Albornoz halla en un documento las palabras textuales que el desdichado Tedón, hombre de behetría, dirige a don Arias, arrojándose a sus pies. O domine, le dice... ¿Pero hablaría así aquel hombre, con un correcto vocativo latino? Seguramente no se expresaría en ese latín escolástico que el antiguo notario empleó como único digno de consignarse por escrito. Los diplomas de los notarios no usan el lenguaje hablado entonces; sólo alguno de ellos deja escapar, de cuando en cuando, cualquiera de las formas entonces vulgares; y nosotros, recogiéndolas con cuidado, podemos reconstruir en parte el lenguaje de la conversación de entonces. El vocativo angustiado que suponemos resonó en el atrio de la casa de don Arias, cuando Tedón pedía amparo, sería, en lugar de O domine, algo así: Dueño, mié vida don Arias; la rendida zalamería de los inferiores usaba entonces corrientemente frases de gran efusión, como «mi vida», que hoy viven refugiadas tan sólo en la entrañable intimidad del lenguaje, siempre pasional, de los enamorados o de la madre que habla a su niño.

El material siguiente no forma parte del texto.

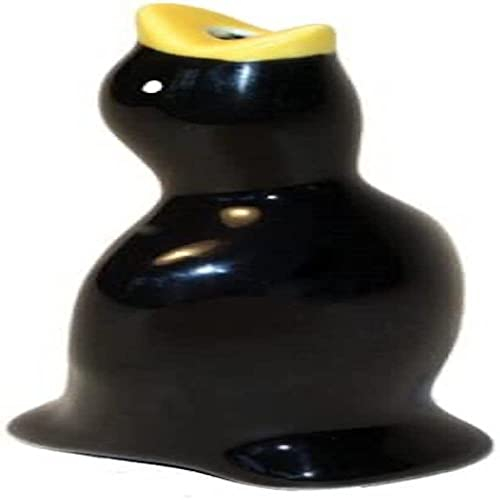 Tala Oiseau à Tarte en céramique, 11 x 5,5 cm – Évent Vapeur Traditionnel pour Cuisson des tartes, empêche Les croûtes trempées, ustensile de Cuisine Durable et décoratif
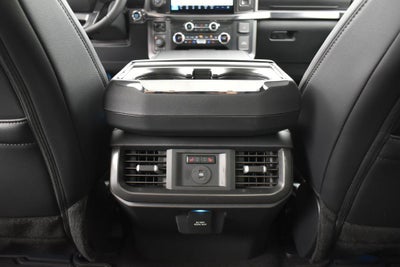 2026 Ford F-150 Lariat 502A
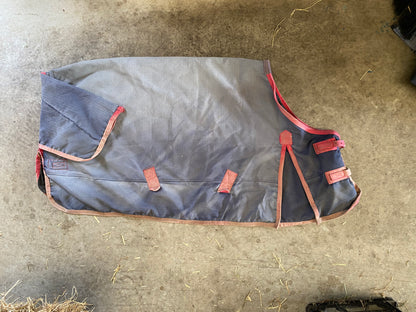 SH Supreme Horseware Paddock Turnout 4'6 (250132)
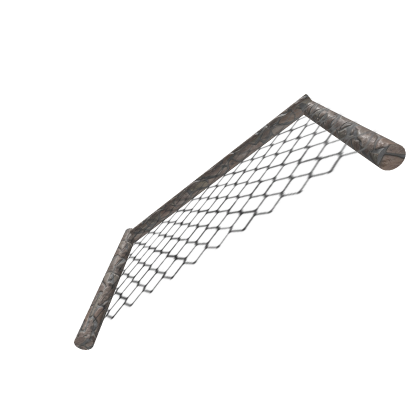 Iron Fence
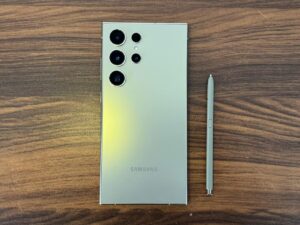 Samsung Galaxy S25 Ultra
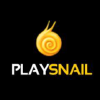 Playsnail.com logo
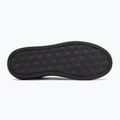 Buty męskie Calvin Klein YM0YM00681 Chunky Cupsole Monologo Lth triple black 4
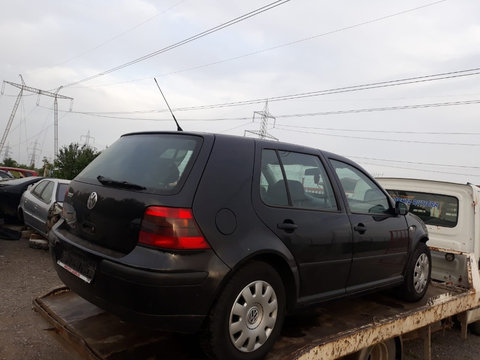 Panou spate Vw Golf 4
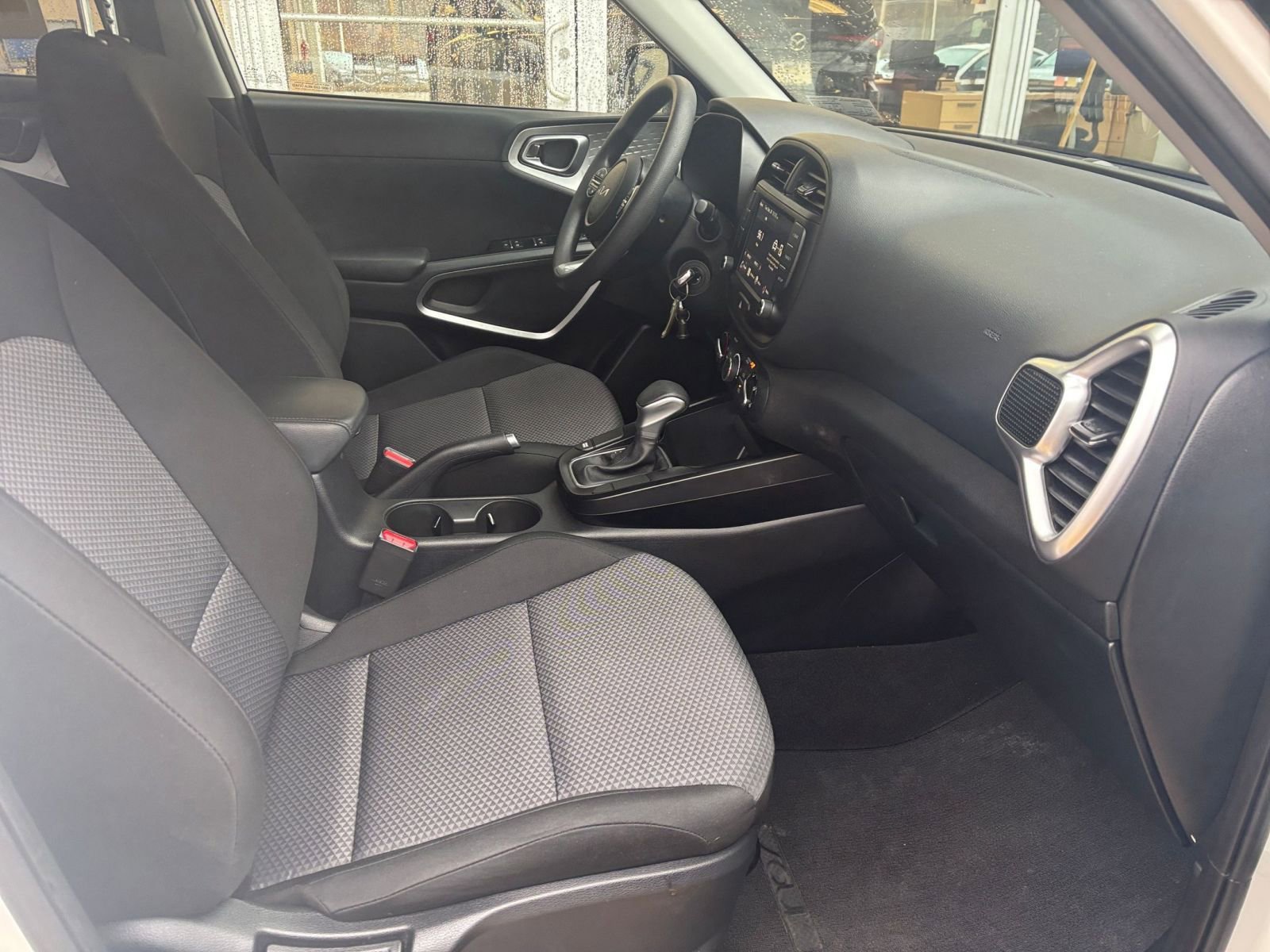 Thumbnail: 2025 Kia Soul - 24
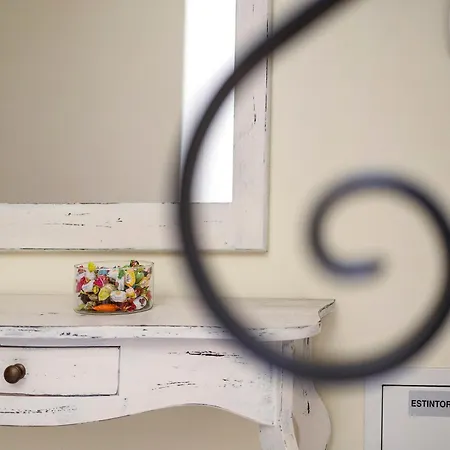 Feriehus Residenza Venezia Ame *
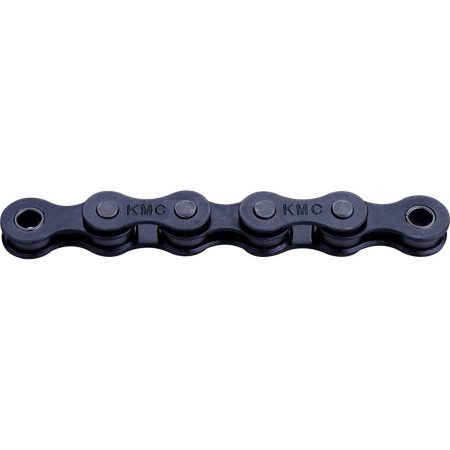 Lant KMC B1 Narrow Negru 112 Zale [1]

El antiguo notario continúa en su latín escolástico el discurso de Tedón: multa mala passa sum propter quod nec dixi nec feci; pero nuestro Tedón ante don Arias diría: muitos males passei por los que nen dixi nen fizi. Dueño, prendiéronme elos míos enemigos, ie metiéronme en fierros ie en cárcele, sen culpa..., y así proseguiría expresándose en un lenguaje algo semejante al que hoy todavía se conserva en algunos rincones más occidentales de la provincia de León, hacia Ponferrada, en los valles del río Sil. El lenguaje que el vulgo hablaba en la ciudad de León a raíz de ser hecha corte, se parecía más al gallego que al castellano, según vemos. El castellano sonaba a los oídos leoneses como algo bastante extraño; sonaba a lengua extravagantemente modernista, que repugnaba al espíritu más tradicional de un leonés culto; en el principal centro cortesano y político de la Península el castellano era tenido por dialecto bajo o demasiado familiar.